Show HN: Moments.yt – Share and discover awesome YouTube clips - mohndoe
https://moments.yt/?hn
======
mohndoe
Hi HN. I made this and I think it's cool, and my friends say so. So here it
is.

It's my first time sharing any of my projects with strangers. I'm using all my
courage here. Plus, HN seems to be a good place to get constructive feedback.

Any kind of feedback would be awesome: design-wise, bugs, features missing,
etc. But here is what you should know before : 1) You'll need a YouTube
account to log in (if you want to).

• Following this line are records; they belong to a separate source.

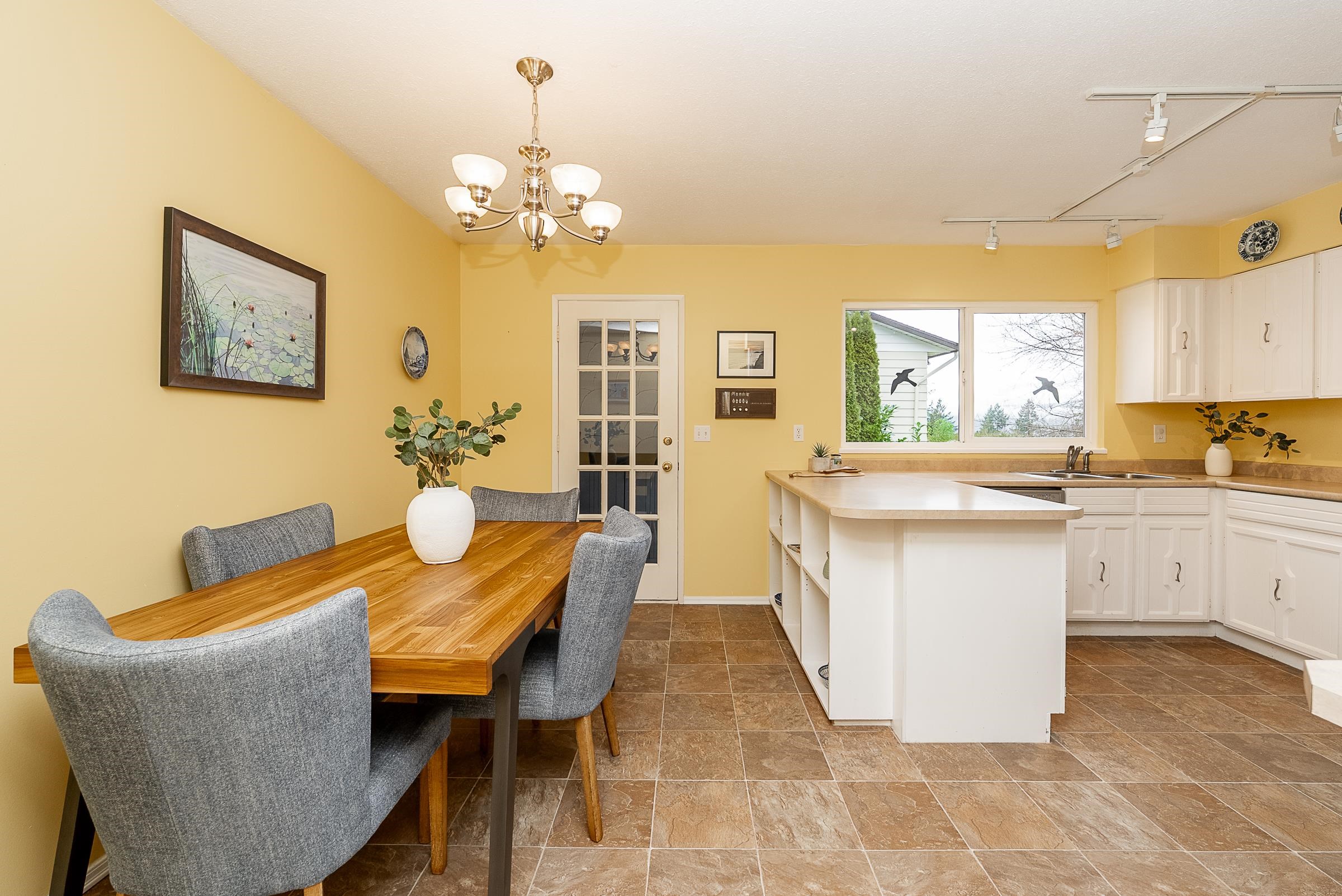 1063 CORONA CRESCENT, Coquitlam BC V3J 7J1, R3091015, BC,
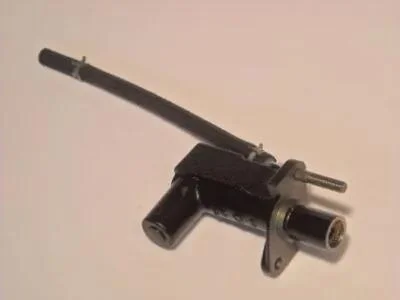 Головний циліндр зчеплення AISIN QZ050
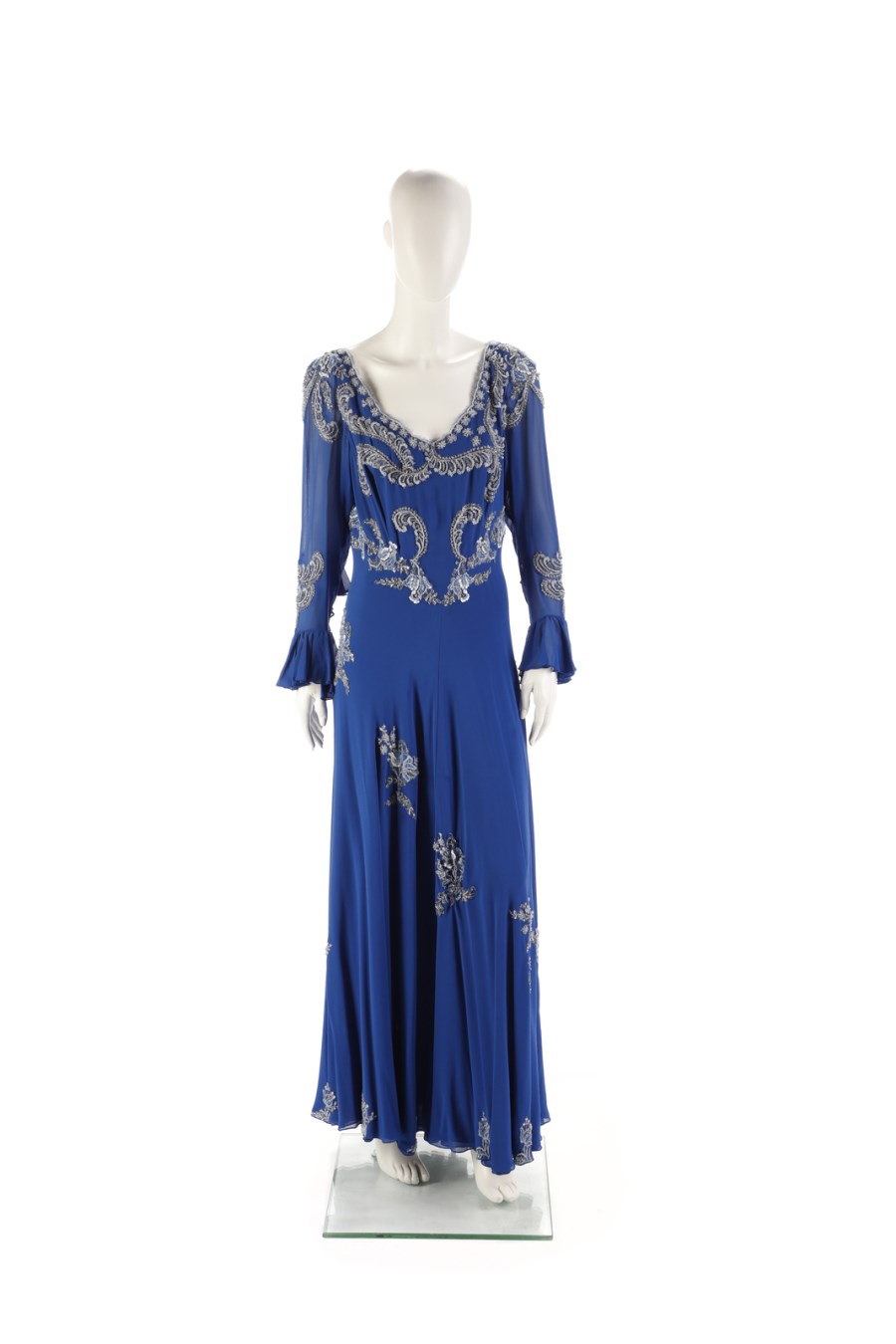 Haute couture long evening dress in China blue lace and silk. (Autore Non Identificato  )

You don't need to be logged to post a
clip, but your clip will not be shown in the homepage and will be deleted
after 6 hours. (I figured that people might just want to use it to make
private jokes with friends). 1.b) I plan on adding Twitter/Facebook logins, no
worries

2) It's made with NodeJS, and I'm a beginner at NodeJS. So if something goes
wrong, please let me know.

3) I made a premium plan for 0.99€/month for people that want to support me
and the project. (And also want to make clips that last more than 15
secondes). What do you think?

4) But I'd like to monetize this with native ads for YouTube content creators
or maybe premium plan for content creators. I think it's better to charge
creators than users. I don't know. What's best?

5) It's like GIFs, but with sounds. What's not to like?